Metrics: scrape /sys/metrics?format=prometheus (mind network and certificate settings).
Auditing: enable audit devices on both clusters so promotions and demotions can be tracked.
Certificates: prepare expiration alerts and a rollover plan for CA changes.
Backup: take Raft snapshots regularly as a supplement to DR.

Practical monitoring and backup snippets

# DR status (JSON output)
vault read -format=json sys/replication/dr/status | jq .

# Prometheus metrics (set appropriate token/headers)
curl -s -H "X-Vault-Token: $VAULT_TOKEN" \
  "$VAULT_ADDR/v1/sys/metrics?format=prometheus" | grep replication

# Raft snapshot (supplementary backup)
vault operator raft snapshot save /backup/vault-$(date +%Y%m%d%H%M%S).snap

DR vs. Performance (A Common Exam Pitfall)

DR is a standby system for disaster recovery; Performance is a distributed system for read scale. Because the design goals differ, client availability, write capability, and cutover operations are fundamentally different.

The exam often asks whether the secondary can serve requests during normal operation and which operation is the promotion. The table below clarifies these differences.

A DR Secondary does not serve client requests until promotion.
A Performance Secondary serves reads but proxies writes to the primary.
Cutover ops: DR uses secondary/promote; Performance is usually unnecessary (topology preserved).
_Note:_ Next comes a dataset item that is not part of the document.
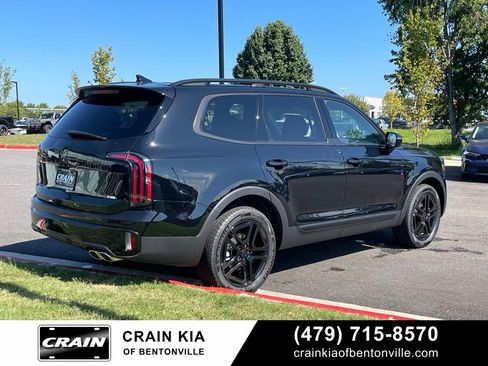 New 2025 Kia Telluride SX Prestige X-Line image 8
Item	DR Replication	Performance Replication	Single Cluster (reference)
Purpose	Disaster recovery (regional-failure protection)	Read scale / geographic distribution	Availability (within a single site)
Client handling in normal operation	Not possible (standby, blocked until promotion)	Possible (primarily serves reads)	Possible (as usual)
Writes	Not possible (allowed after promotion)	Proxied to the primary	Possible
Cutover operation	secondary/promote and routing cutover	Not needed (topology preserved)	Not needed
RPO/RTO tendency	Asynchronous, so RPO>0, RTO = promotion + cutover	RPO>0 (asynchronous)	RPO/RTO depend on intra-site HA

(Reference) Minimal example of enabling Performance Replication

# Enable Performance Primary on the primary cluster
vault write -f sys/replication/performance/primary/enable

# Generate a token for the Secondary
P_TOKEN=$(vault write -field=token -f sys/replication/performance/primary/secondary-token)

# Enable Performance Secondary on a separate cluster
vault write sys/replication/performance/secondary/enable \
  token="$P_TOKEN" \
  primary_api_addr="https://primary.example.com:8200"

Check Your Understanding

Ops

問題 1

In a Vault Enterprise DR Replication setup, which procedure is most appropriate for performing a planned failover with minimal data loss?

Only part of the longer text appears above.